1) Marginal effect AKA SLOPE = change in y/change in x --> Also = derivative! ---- 2) Generally, to find slope = take derivative of the function i. Linear function = y = a+bx --> Slope = b; approximately = to dy/dx (derivative) ii. y = a+bx+c(x^2) --> Slope AKA change in y/change in x = varies--> generally = b+2cx --> dy/dx of y = b+(dy/dx*cx^2)--> *slope = b+2cx* ie- y = x^2 x = 5, what is the slope of this function? i. dy/dx of x^2 = 2x ii. 2(5) = 10, which change in y/change in x 3. ln(y) = a+bx Slope: when x changes by 1, ln(y) increases by b --> dy/dx of (a+bx)--> *b = slope* --> Interpret effect of x on y for logs = PERCENTAGE CHANGE! --> y = e^(a+bx) --> dy/dx = by --> change in y/change in y = by--> divide both sides by y --> (change in y/y)/change in x = b ie- Sally's ln(earning) = 11.512 Sam's ln(earnings) = 11.736 Difference in ln9earnings) = 0.224--> 22.4% = slope = marginal effect! 4. % change in z = change in z/z 5. MPG = function of weight --> MPG=39.44-0.006*weight R^2 = 0.6515 VS. MPG = function of displacement --> MPG = 30.06-0.0044*displacement R^2 = 0.4969 --> Weight = better for explaining MPG (higher R^2!) i. R^2 value = measures goodness of fit to actual values (the higher the better—so model that has higher r^2 value = better ii. p-value = how significant relationship is --> p<0.05 = significant (can reject nullifying hypothesis!)

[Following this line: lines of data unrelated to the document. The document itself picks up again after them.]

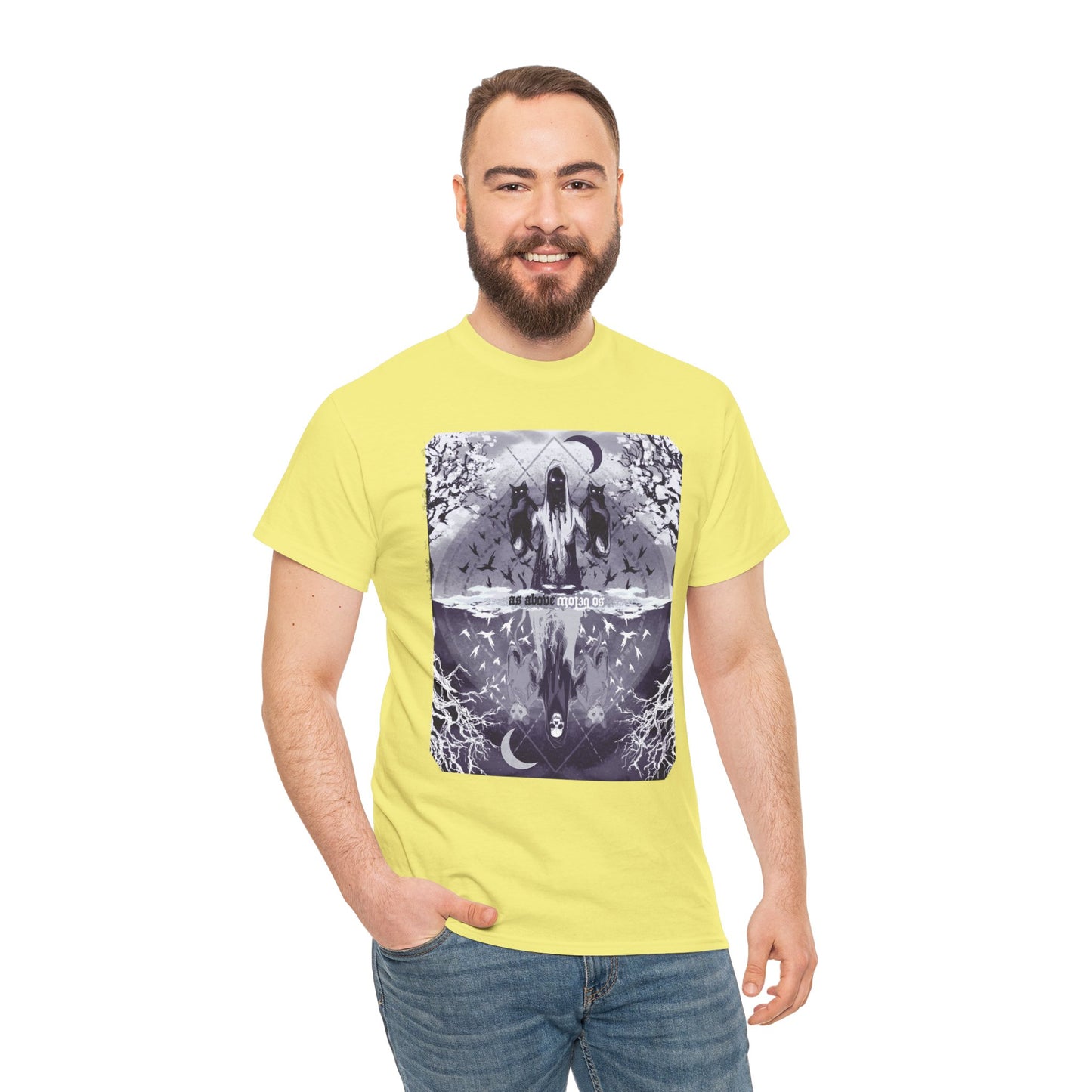 As Above So Below Unisex Heavy Cotton Tee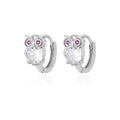 Pendientes de aro de animales en cristal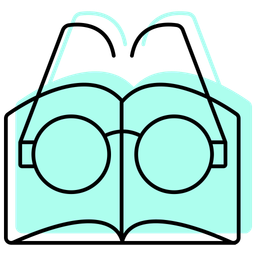 Book-and-reading-glasses  Icon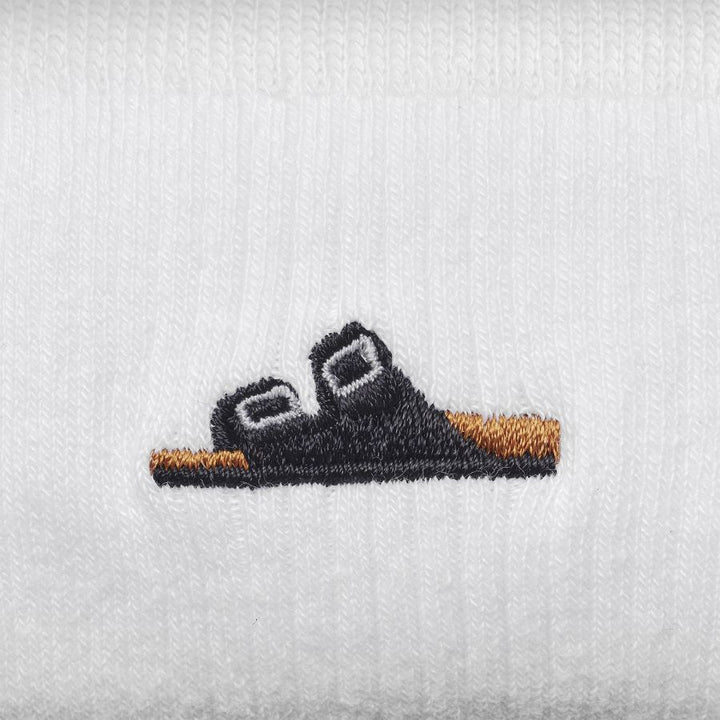 COTTON RIBBED SOCKS 2 PACK -  BLACK/WHITE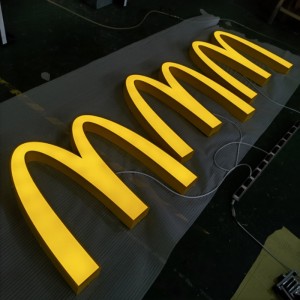 3D Lighting McDonald’s logo Signage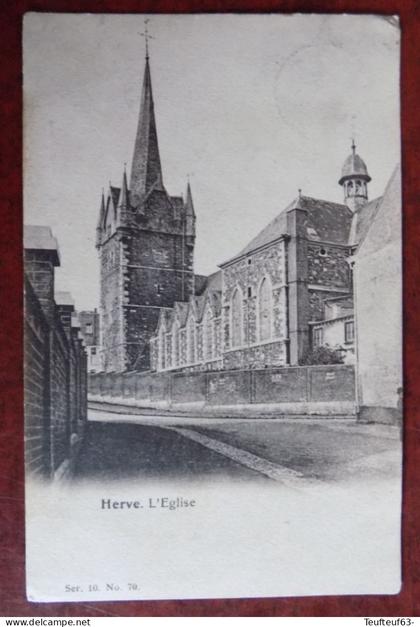Cpa Herve : l'église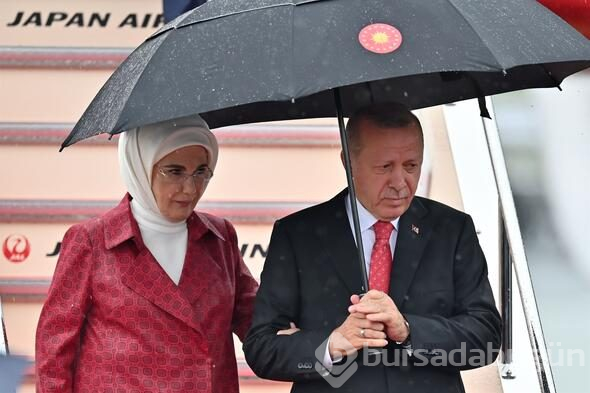 Cumhurbaşkanı Erdoğan Japonya'ya geldi
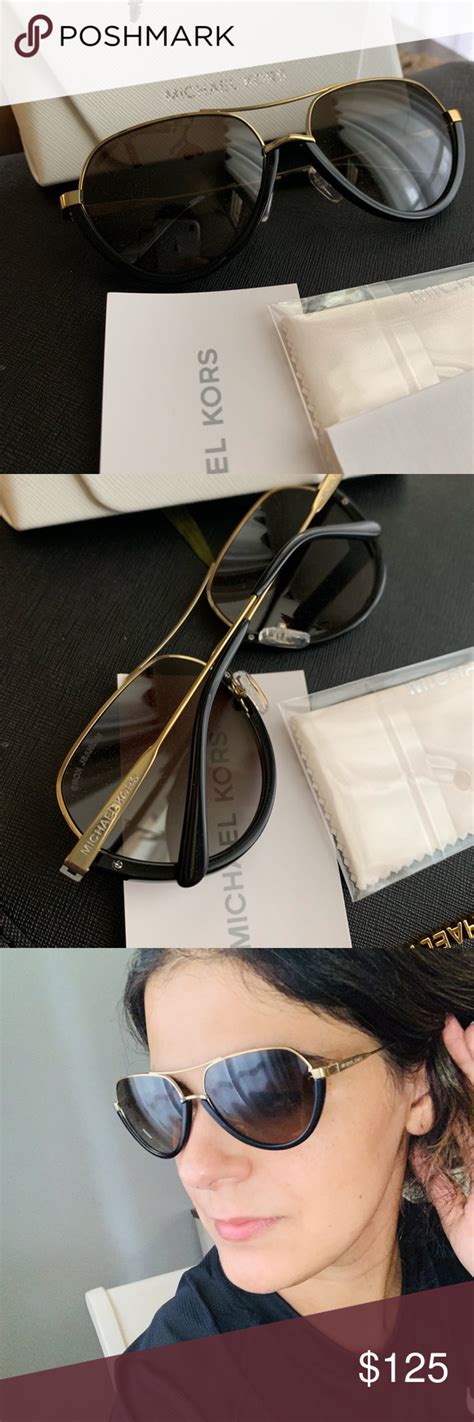 new mk black gold sunglasses beautiful avatar new mk sunglasses super stylish including case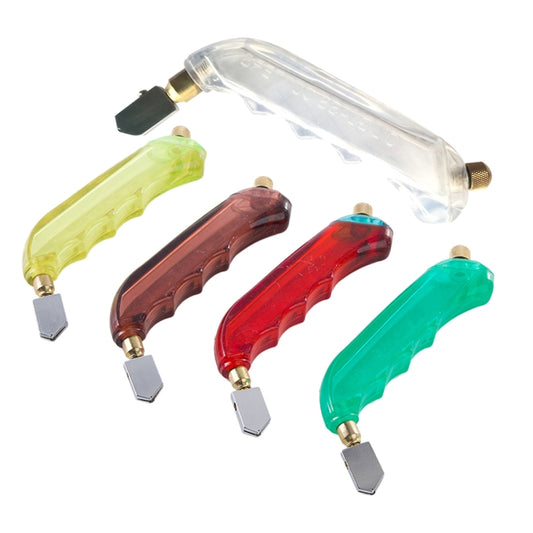 Glass bottle glass cutting machine with clear handle and multicolor grip tools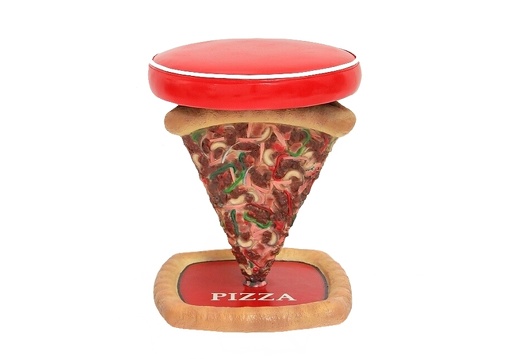 JBTH055B DELICIOUS LOOKING 3 SIDED PIZZA STOOL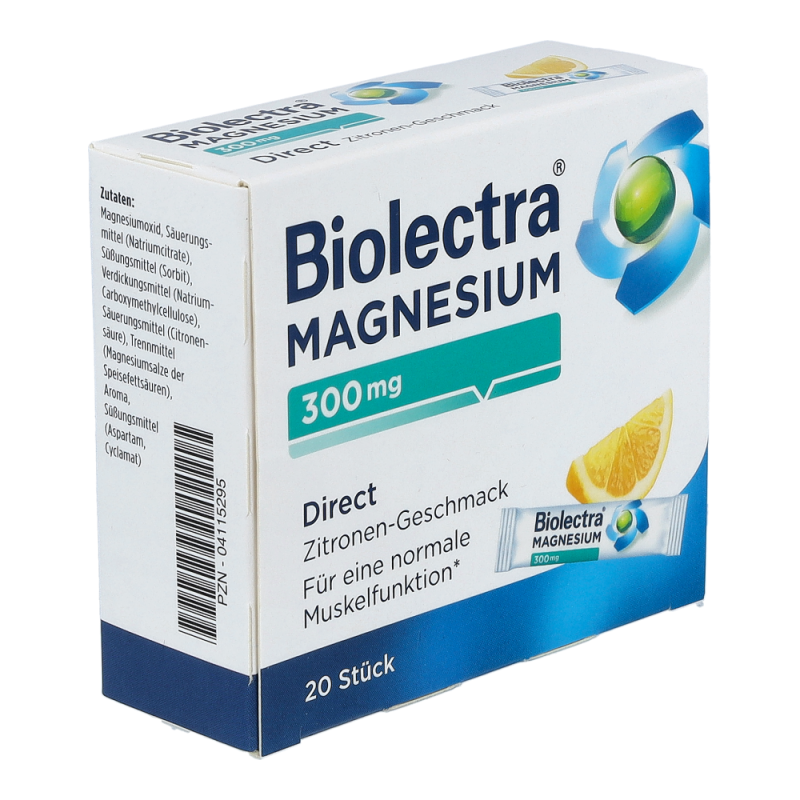 Biolectra Direct Beutel 20 Stk. Magnesium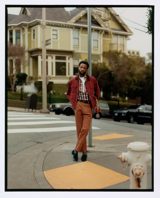 Drake's Tobacco Lightweight Cotton Canvas Carpenter Pant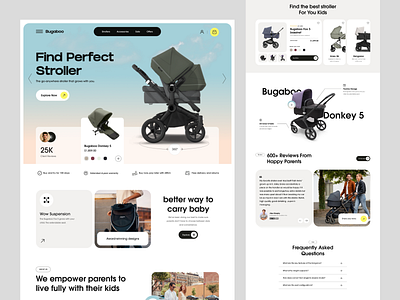 Bugaboo - Stroller E-commerce Website branding e commerce e commerce website ecommerce ecommerce store ecommerce website homepage landing page shop shopify shopify store shopping cart ui visual design web design web store web ui webdesign webflow website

Exam 1 2016: 1) A dataset contains N = 5 observations of X: 3.4, 5.3, 1.6, 7.8, 1.9. Calculate the variance in X. 2) What is the relationship between the mean, median, and skewness of a distribution? 3) Inflation was high in the late 1970s. In 1976, '77, '78, and '79, inflation rates were 6.50%, 7.59%, 11.35%, and 13.50%. --> Calculate the average annual inflation rate over this 4-year period (using a technique that is similar to calculating an average interest rate). 4) In a sample of observations, mean of X = 133.92 , and Sx = 4.28 . What is the standardized value of Xi = 140 ? 5) Salesperson receives a salary S with a fixed component plus a commission based on sales x: S = 1000 + 0.20*x. For sales, mean of x = 3429; var(x) = 9912. What are mean and variance in s?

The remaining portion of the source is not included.